|Perl: the Markov chain saw|
Re: Perl Search Engineby leocharre (Priest)
|on Jul 22, 2010 at 07:30 UTC||Need Help??|
What do you mean by follow php links?
The question you posted is vague. Maybe you could refine it- Are you thinking of a cgi script that you put in cgi-bin through which you can search the content of what visitors to the website can see?
Are you familiar with unix? Do you know how you can do a find command and search content of files? For example
find ~/public_html -type f | xargs grep carl
Well, that is something of a sloppy search. It's a real time event, highly cpu needy- and would probably cripple your system if you offered multiple people to use that as a 'search engine' backend.

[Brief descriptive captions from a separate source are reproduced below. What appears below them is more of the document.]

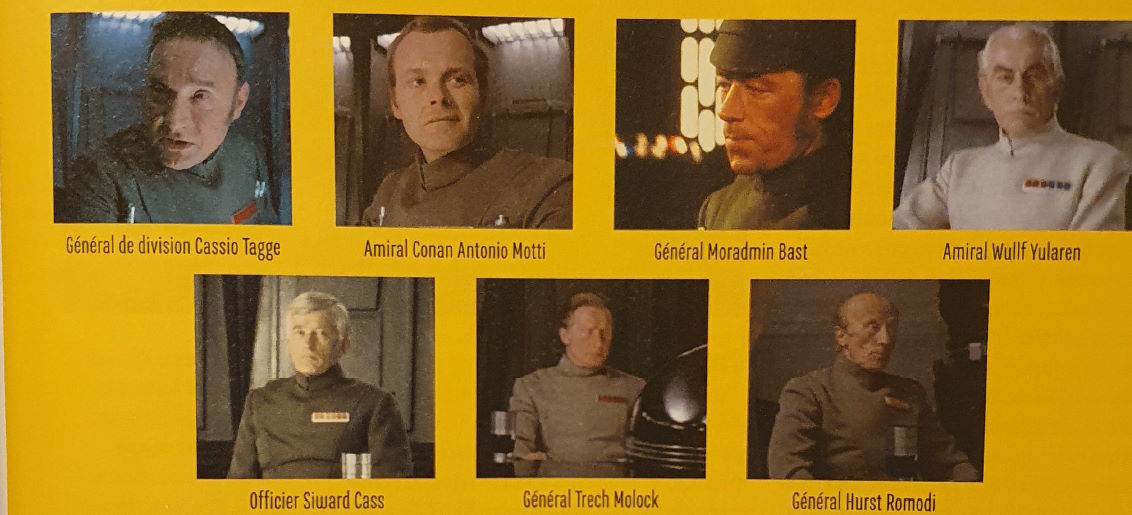 Tagge is identified as a "Général de division" in the French edition of "The Rise of the Rebellion and the Battle of Yavin," which translates to English as Major General.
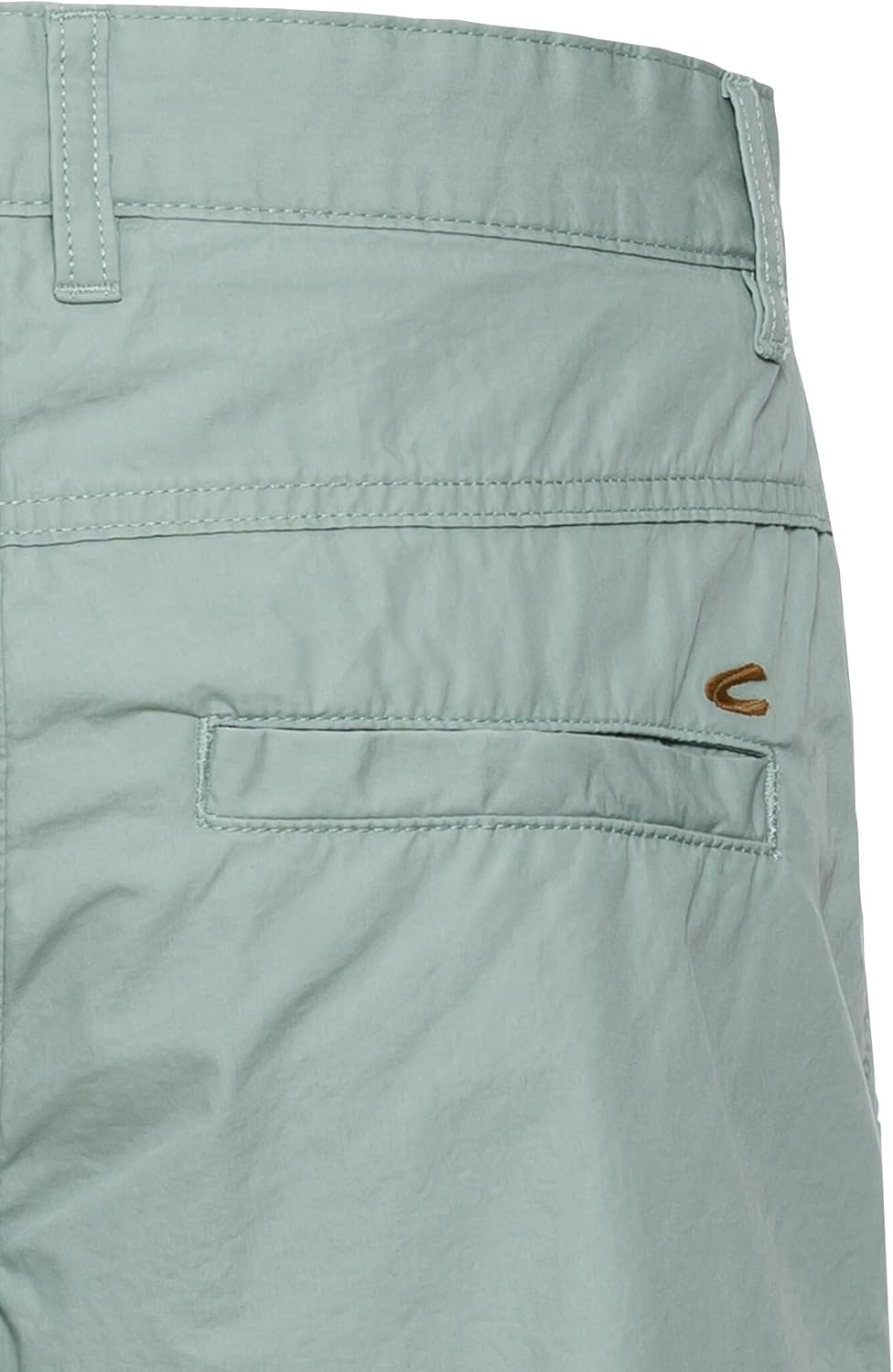 camel active Chino Shorts Aus Reiner Baumwolle - Hose 38 Blau-grün, 38 Blau-grün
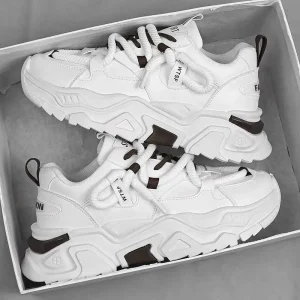Youth campus charming casual shoes anti slip sports platform sneaker shoes soft sole trendy running shoes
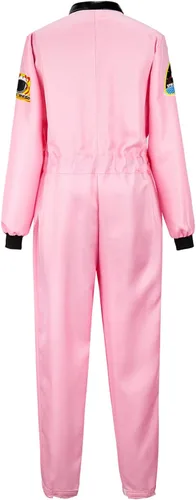 Vista 3 de Lehauya Womens Astronaut Costume Adult Astronaut Suit Flight Jumpsuit Cosplay Dress Up Costume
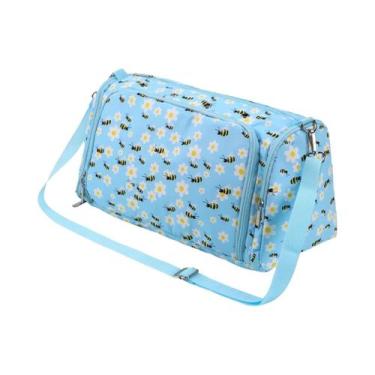 Imagem de Bolsa De Armazenamento De Lã Impermeável Para Crochê, Bolsa De Viagem 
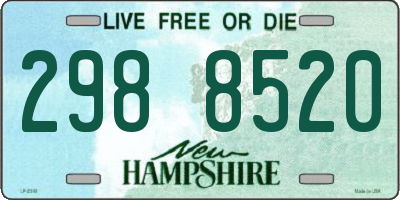 NH license plate 2988520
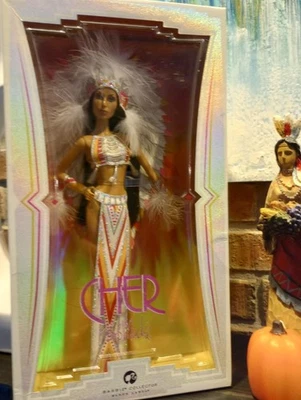 Barbie Cher Bob Mackie Half Breed NRFB Black Label - Some Box Wear - Image 1 of 4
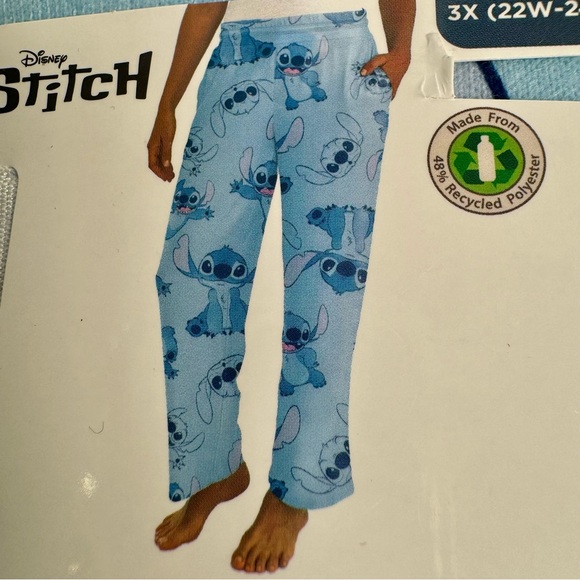 NWT. Disney Stitch Women’s Sleep or lounge Pants, Size 3X - Picture 2 of 7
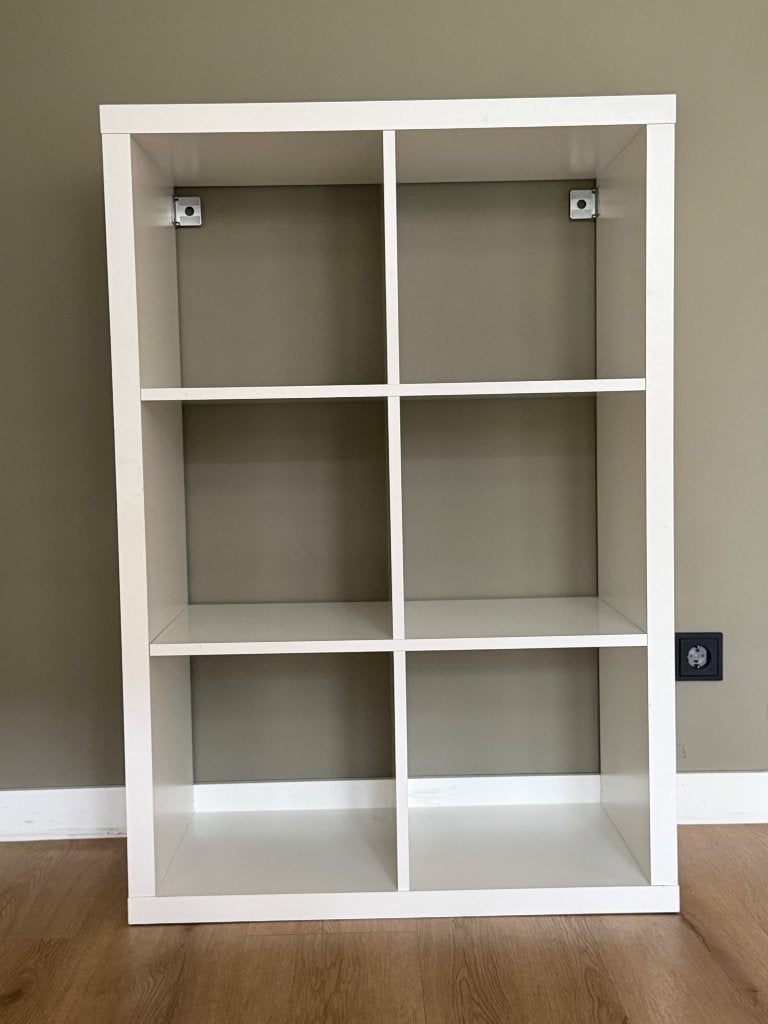 Witte Kallax kast met 6 vakken - Zo goed als nieuw, Ophalen, Modern, functioneel, 100 tot 150 cm, 50 tot 100 cm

What (likely) you have in mind is something more advanced. As moritz pointed out- the tasks are divided. One part of the process is to have something that finds or lists *what* it will be you will be searching through- for example, what images, pdf files, html files, whatever- are in your website that you want users to be able to search for.
Another step, afterwards, is another program/system/part of the 'search engine'- that actually looks at these resources, these *what* which you let people search for- and stores information about those things in perhaps a db file or a mysql database. It may store text, filenames, whatever, file size, whatever.
Yet another step is the user interface, what presents the user with a form perhaps, in which they type things in like 'look for these words'. That thing, looks at what information we stored about our picked out resources, and finds matches between what the user requested, what we know of the stuff, and then where the stuff is- that they may go and see it/download it.
Even crazier, and much more fun, is if you're talking about remotely indexing/cataloguing data seen somewhere, say, in another website to which you only have http access. That's a little(lot) bit like search engines such as google do- on the backend.
Anyway- I don't know if this helps you rewrite your question. Consider trying, you'll get good answers and valuable suggestions here.